Seasonal CDL. Idaho also has a special license for agriculture and custom harvest needs. This seasonal CDL can be obtained by drivers who are at least 16 years old but requires one year of driving experience. Additionally, the holder can only operate a class B or C CMV and only within 150 miles of the farm. A seasonal CDL is only good for up to 180 days.

CDL Testing

A CDL applicant must first obtain a commercial learner’s permit (CLP). The CLP is issued to the driver after he or she passes a written exam. A CLP authorizes CMV operation while under the supervision of a licensed commercial driver. After 14 days of practice, the CLP-holder can take the driving test to obtain a CDL. A driver must be at least 18 years old to apply for a CDL but must be at least 21 years old to drive a CMV out-of-state.

Medical card. All non-exempt commercial drivers must maintain a medical examiner’s certificate. The certificate verifies that the holder is physically healthy enough to operate a CMV.

Honesty. CDL applicants are required to disclose all license and employment history. Lying on the CDL application will result in a 60-day disqualification and possible retesting.

CDL Revocation and Disqualification

A CDL can be revoked, disqualified, or placed out-of-service if the driver fails to comply with regulations or is convicted of certain crimes. A CDL can also be canceled if the Federal Motor Carrier Administration deems the driver to be an “imminent hazard.”

Serious Traffic Offenses

“Serious traffic offenses” include speeding 15 miles per hour or more over the limit, reckless driving, erratic lane changes, following too closely, texting while driving in a CMV, driving a CMV without a CDL, and any traffic violation involving a fatality. The commission of two serious traffic offenses in three years will result in a 60-day revocation and having three or more violations in three years carries a 120-day revocation.

Out-of-Service Order

Certain safety violations (such as having any amount of alcohol in your system while operating a CMV) will result in a temporary out-of-service order (OSO). The OSO is typically issued by law enforcement and driving during an OSO will lead to penalties that depend on the number of prior violations in the last three years.

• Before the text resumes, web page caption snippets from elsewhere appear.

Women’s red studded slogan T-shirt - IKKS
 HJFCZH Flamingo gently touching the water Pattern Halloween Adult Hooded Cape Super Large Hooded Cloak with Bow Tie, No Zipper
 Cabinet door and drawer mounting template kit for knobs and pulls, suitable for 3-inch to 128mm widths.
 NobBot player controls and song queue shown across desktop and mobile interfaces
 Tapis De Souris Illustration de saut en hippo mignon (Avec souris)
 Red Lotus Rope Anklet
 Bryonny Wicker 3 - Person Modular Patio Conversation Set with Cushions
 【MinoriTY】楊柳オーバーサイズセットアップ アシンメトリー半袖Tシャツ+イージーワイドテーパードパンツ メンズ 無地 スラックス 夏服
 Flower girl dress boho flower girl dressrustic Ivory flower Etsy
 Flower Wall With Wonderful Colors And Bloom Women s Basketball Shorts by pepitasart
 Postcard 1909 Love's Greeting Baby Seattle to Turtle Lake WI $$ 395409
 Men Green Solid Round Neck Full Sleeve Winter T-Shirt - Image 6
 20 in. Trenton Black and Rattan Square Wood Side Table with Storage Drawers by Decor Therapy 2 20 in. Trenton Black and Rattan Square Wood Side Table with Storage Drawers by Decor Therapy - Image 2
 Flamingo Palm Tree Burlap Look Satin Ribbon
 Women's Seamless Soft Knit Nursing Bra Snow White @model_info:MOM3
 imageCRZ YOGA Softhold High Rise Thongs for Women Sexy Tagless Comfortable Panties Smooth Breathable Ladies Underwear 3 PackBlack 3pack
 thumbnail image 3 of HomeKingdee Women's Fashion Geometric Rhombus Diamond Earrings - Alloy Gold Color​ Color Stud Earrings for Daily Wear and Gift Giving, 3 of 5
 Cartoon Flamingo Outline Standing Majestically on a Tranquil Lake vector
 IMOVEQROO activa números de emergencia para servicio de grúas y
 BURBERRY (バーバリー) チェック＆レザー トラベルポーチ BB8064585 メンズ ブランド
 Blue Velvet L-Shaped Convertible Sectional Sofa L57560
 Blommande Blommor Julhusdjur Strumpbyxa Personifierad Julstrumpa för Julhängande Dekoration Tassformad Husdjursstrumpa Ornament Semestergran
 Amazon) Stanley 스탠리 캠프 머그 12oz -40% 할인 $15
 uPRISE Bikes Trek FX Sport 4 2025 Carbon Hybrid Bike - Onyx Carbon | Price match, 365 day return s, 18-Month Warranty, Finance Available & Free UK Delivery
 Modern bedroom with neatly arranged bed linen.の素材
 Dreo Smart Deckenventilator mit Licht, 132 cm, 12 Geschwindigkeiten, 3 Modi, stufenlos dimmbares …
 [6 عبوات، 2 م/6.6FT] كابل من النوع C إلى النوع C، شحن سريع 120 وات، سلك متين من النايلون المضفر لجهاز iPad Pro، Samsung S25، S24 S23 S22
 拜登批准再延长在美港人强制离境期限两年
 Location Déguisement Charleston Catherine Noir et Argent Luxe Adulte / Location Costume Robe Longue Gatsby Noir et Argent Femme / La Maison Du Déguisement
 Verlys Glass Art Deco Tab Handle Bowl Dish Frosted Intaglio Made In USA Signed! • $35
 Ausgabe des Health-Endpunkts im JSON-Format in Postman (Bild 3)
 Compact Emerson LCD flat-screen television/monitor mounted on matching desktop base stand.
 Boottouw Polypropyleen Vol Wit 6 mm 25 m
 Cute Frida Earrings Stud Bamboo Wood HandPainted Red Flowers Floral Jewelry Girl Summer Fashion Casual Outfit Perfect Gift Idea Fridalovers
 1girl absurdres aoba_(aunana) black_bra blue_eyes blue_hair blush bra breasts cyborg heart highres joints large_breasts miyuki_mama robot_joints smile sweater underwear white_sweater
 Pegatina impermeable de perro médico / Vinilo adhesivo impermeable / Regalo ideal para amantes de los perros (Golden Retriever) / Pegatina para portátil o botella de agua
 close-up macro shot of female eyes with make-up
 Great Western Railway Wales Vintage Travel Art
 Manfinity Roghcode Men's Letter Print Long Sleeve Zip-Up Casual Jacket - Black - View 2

  • First offense. 180-day to one-year license revocation (180-day to two-year revocation if operating CMV designed for hazmat or 16 or more passengers) and a minimum $2,500 fine.
  • Second offense. Two-to five-year license revocation (three-to-five-year revocation if operating CMV designed for hazmat or 16 or more passengers) and a minimum $5,000 fine.
  • Third offense. Three-to five-year license revocation and minimum $5,000 fine.

Railroad Crossings

Idaho has special laws for CMVs crossing railroad tracks. A railroad track violation will result in a 60-day, 120-day, and one-year license revocation for a first, second, and third violation in three years.

Major Offenses

Certain “major” criminal convictions or withheld judgments (diversions) will result in mandatory CDL disqualification. A first-offense chemical test refusal, DUI (driving under the influence), operating a CMV with a .04% or more blood alcohol content (BAC), leaving the scene of an accident, using a motor vehicle in the commission of a felony, driving a CMV while revoked, or causing a fatality due to negligent CMV operation will result in one-year license revocation. A second or subsequent major offense will result in lifetime disqualification. A driver can also be disqualified for life for using a motor vehicle to distribute, manufacture, or transport controlled substances.

Revocation Appeal

A driver subject to disqualification is allowed to appeal the decision in court. However, a disqualified CDL cannot be modified to a restricted work license.

Employer Liability

Many CMV violations can result in fines for the CDL holder’s employer. An employer that knowingly permits operation during an OSO will be fined $2,750 to $25,000. Knowingly permitting a railroad violation is a maximum $10,000 fine.